I would be too scared of his condition to give up too much. And besides the big3 (4) who do we have to offer? No one.


----------



## riddler (Aug 25, 2002)

this wont happen because i think sooner of later, they are gonna be over the cap


----------



## TheRifleman (May 20, 2002)

Cuban doesn't seem to care about the luxury tax, but then again, as I said before, it is "wishful thinking" on my part and on the part of many Mavericks fans to get a defensive player of the stature of Zo in a Mavericks uniform!


----------



## RetroDreams (Jun 9, 2002)

> Originally posted by <b>riddler</b>!
> this wont happen because i think sooner of later, they are gonna be over the cap


First of all, Dallas is already over the cap I believe.
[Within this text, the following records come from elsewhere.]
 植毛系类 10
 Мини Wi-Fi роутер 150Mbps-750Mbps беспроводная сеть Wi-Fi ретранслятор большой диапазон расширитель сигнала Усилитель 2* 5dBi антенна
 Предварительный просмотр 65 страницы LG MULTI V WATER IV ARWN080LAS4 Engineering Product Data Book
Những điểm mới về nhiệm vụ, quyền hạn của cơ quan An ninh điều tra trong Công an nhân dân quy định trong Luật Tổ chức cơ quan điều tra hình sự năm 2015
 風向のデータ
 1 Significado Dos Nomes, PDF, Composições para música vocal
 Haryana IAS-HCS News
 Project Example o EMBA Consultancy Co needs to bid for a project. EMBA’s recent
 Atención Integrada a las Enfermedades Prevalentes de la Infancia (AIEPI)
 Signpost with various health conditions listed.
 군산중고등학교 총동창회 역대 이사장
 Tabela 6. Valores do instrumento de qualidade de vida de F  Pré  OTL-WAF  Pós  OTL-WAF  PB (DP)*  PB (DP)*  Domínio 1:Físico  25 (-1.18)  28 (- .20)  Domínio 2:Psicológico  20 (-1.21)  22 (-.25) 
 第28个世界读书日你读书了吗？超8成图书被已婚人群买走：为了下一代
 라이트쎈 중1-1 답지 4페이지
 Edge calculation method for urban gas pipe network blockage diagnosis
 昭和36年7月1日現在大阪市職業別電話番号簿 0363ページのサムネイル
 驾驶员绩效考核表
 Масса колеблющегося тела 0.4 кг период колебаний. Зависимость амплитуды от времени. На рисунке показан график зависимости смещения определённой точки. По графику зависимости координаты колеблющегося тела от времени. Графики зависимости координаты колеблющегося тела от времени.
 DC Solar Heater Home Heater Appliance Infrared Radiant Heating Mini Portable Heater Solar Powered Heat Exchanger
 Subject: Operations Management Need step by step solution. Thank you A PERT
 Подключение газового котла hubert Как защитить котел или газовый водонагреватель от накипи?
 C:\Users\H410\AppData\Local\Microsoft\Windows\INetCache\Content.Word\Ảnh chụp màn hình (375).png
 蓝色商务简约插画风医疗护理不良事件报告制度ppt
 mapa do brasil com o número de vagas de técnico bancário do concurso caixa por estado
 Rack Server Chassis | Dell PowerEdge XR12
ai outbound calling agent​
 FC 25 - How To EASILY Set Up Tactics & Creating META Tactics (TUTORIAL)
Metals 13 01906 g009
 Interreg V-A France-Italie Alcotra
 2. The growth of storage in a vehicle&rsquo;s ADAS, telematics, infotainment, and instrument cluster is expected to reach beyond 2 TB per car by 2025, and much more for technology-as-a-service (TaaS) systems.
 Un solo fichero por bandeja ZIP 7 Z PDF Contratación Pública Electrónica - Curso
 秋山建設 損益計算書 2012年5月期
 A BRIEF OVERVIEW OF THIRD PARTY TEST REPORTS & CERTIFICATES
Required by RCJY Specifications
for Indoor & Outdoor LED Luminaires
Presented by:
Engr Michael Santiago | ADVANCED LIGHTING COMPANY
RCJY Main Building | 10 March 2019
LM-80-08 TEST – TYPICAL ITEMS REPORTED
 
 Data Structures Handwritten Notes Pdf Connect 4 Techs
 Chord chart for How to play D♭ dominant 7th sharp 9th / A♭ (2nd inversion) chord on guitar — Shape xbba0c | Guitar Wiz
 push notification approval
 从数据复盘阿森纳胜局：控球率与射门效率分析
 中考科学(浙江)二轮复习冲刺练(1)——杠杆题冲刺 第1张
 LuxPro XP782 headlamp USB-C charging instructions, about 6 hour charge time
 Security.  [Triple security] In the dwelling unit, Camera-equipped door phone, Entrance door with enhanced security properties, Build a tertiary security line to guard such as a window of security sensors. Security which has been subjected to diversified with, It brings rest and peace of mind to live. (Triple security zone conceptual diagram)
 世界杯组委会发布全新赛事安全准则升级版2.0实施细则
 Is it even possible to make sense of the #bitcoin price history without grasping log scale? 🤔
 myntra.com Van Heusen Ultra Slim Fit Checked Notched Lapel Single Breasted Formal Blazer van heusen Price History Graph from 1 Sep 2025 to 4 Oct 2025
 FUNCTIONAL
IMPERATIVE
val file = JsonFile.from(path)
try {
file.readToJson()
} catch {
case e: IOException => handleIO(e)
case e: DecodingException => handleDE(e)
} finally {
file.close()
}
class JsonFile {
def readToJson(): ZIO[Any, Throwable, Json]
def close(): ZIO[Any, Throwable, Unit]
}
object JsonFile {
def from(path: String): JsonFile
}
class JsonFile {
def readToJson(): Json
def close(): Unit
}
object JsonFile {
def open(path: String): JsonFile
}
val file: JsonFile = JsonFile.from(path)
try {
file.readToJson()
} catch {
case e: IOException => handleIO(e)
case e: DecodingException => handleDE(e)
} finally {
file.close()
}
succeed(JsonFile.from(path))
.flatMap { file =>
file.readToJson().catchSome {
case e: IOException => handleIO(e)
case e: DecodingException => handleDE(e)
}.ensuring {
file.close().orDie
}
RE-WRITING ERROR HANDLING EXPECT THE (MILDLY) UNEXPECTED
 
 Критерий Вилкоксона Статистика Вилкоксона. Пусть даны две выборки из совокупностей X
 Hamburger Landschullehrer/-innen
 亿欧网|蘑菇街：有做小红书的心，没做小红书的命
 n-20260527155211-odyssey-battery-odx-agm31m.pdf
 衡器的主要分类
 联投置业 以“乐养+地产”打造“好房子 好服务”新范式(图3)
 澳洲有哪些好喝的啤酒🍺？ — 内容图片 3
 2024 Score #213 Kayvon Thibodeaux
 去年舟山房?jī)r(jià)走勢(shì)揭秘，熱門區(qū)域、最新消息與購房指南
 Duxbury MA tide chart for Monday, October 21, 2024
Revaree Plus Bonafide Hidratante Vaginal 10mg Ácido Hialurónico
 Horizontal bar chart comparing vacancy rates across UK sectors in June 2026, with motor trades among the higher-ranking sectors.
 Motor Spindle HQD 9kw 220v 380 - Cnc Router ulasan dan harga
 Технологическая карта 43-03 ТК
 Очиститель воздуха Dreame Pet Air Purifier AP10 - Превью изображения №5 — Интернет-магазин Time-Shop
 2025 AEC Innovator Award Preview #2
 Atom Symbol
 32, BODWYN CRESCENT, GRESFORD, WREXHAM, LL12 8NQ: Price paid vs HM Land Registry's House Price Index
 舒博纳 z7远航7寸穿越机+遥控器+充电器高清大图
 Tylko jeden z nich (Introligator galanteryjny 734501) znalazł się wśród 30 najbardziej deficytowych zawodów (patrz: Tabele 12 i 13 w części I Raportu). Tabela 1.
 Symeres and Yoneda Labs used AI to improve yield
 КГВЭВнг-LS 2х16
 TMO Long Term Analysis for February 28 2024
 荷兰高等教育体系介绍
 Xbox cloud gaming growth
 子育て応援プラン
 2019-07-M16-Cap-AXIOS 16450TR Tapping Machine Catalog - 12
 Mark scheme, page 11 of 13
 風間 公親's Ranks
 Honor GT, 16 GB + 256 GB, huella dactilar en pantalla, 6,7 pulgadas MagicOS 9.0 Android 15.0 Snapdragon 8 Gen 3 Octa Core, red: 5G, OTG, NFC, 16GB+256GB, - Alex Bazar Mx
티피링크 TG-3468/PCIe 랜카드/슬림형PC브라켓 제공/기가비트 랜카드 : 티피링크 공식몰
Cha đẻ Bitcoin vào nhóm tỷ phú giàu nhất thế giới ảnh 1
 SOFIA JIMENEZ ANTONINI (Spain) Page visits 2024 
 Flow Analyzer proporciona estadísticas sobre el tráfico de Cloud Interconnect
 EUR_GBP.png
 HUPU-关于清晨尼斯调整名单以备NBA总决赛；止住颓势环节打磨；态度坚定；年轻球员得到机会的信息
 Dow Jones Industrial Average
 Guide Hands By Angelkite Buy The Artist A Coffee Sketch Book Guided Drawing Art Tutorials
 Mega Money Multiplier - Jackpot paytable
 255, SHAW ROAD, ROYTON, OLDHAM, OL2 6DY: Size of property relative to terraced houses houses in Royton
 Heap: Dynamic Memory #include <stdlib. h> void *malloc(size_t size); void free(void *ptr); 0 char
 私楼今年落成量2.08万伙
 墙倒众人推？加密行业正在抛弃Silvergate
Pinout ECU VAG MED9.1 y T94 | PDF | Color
Second, Cuban has openly stated that he'll pay for a winner... so it is all about matching salaries up. Cuban is the George Steinbrenner of the NBA.

Third, since Mourning's kidney has seemed to have gotten worse, I'd say this is a dead rumor. However, if he were in good health, it would simply be just a salary matching situation.


----------



## Petey (Aug 23, 2002)

I don't think Finely is going anywhere, people keep mentioning him cause he is the least likely... but that still doesn't make it likely.

-Petey


----------



## RetroDreams (Jun 9, 2002)

> Originally posted by <b>Petey</b>!
> I don't think Finely is going anywhere, people keep mentioning him cause he is the least likely... but that still doesn't make it likely.
> 
> -Petey


I really think it depends on who they get back in return. Let's face it, they still need a true center... with all of the other offensive threats they have (especially Dirk) -- I'm sure Finley would be traded before either Dirk or Nash.


----------



## Petey (Aug 23, 2002)

> Originally posted by <b>RetroDreams</b>!
> I really think it depends on who they get back in return. Let's face it, they still need a true center... with all of the other offensive threats they have (especially Dirk) -- I'm sure Finley would be traded before either Dirk or Nash.


That is exactly my point, they would want alot for Finely... Finely is the most likely to get trade, but him getting traded is unlikely...

Agreed upon that?

-Petey


----------



## anthony6453 (Sep 13, 2002)

*zo going to dallas*

as a mavs fan i would love to see zo wearing our uni, but the latest news is that he is out indefinitely with his kidney problem.


----------



## riddler (Aug 25, 2002)

well, ZO is going no where anymore


----------



## -33- (Aug 6, 2002)

i told you that a month ago


----------